To replace the ICM, you need to remove the battery to avoid shorting something out, this also gives your ECU time to reset and clear any stored codes or limp modes it may be encountering. For this tutorial, the distributor will remain on the engine, so you will need to remove the intake tube connecting to the Air Intake Manifold. You will need a Philips head and a flat head, I used a leatherman.
So without further boring reading, I will now inform you how to replace the ICM.
First steps first, assuming you have already removed your battery and air intake tube, you now MUST remove the distributor cap, remove the three screws
Now once your cap is off, put it out of the way and locate the ICM, remember it is OPPOSITE to the Ignition Coil
Now, unhook the wires from the ICM, remember they must hook onto the New one the SAME way they came off.

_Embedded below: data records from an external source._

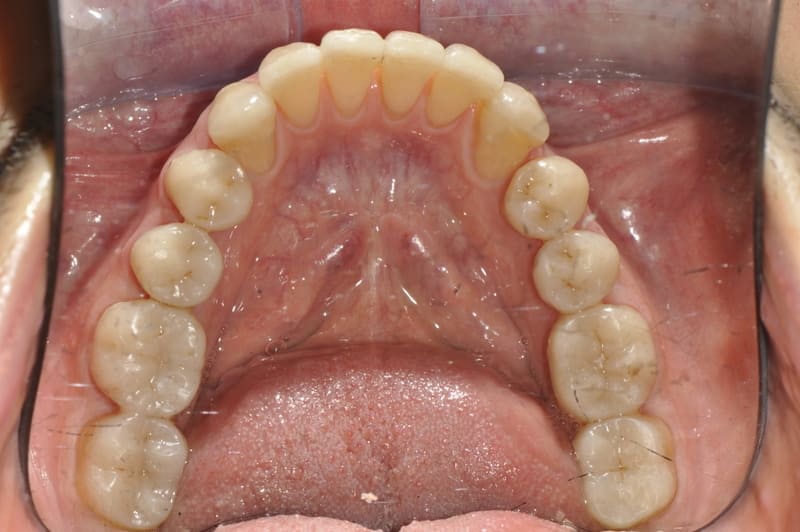 studio dentistico Milano faccette dentali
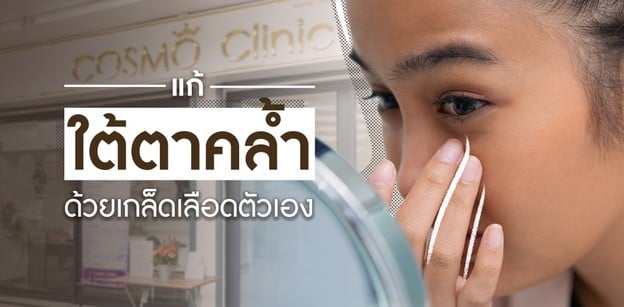 แก้ใต้ตาดำ ตาคล้ำ ด้วยเกล็ดเลือดตัวเอง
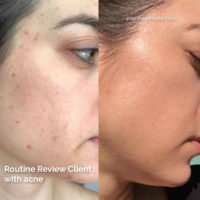 acne-prone skin before and after, popthepimple, best acne blog, how to get rid of acne, olena beley acne coach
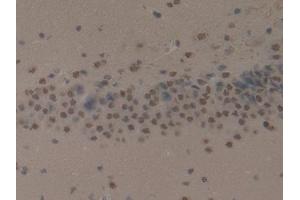 IHC-P analysis of Rat Brain Tissue, with DAB staining. (Cytokeratin 1 anticorps  (AA 489-625))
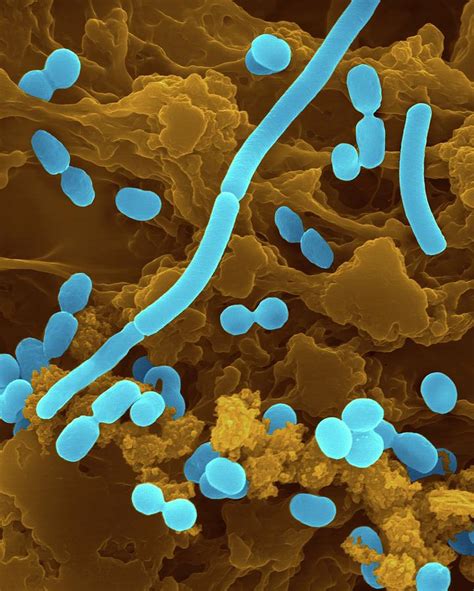 acinetobacter sp  science photo library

Now, there are 2 screws on the outside of the distributor on the ICM side that you must remove, flat head screw driver will remove them and should not strip them out. (Unfortunately, I could not get a picture of them, sorry.) This will allow you to remove the ICM(I removed the rotor as well, gave me the chance to clean up the contact point)
This part will have no pictures, due to the fact it got dark when I was putting it back together.
Next, Put the NEW ICM in place of the old one, and hold it so you can put the screws down onto it. This should be done with care to assure the threads do NOT strip out.
Then, hook the wires to the new ICM, remember to put them back into the place that they go in. The bottom one will not reach anywhere else.
Now(assuming you have put the rotor back on) you can replace the distributor cap, remember it only goes on one way(as well as the rotor). Make sure you do not strip the threads, and make sure each screw goes in snug. You do not want any looseness in your ignition system.
If you unhooked your spark plug wires, replace them.
Put your intake tube, and your battery back in and make sure that you did not knock anything loose. Everything should be in its place.
Now start your engine, and drive it easy for a few hundred miles(not necessary, but I recommend atleast 700 to 800 miles of easy driving, just to ensure that your ICM has a full long life)
You have done it, you replaced an essential part of your ignition system. And now you know how to do it. This tutorial may not be posted somewhere else without my permission, G1Teg, its owners, members, and staff are not responsible if you mess anything up. Always take the recommended safety precautions before working on ANY Vehicle.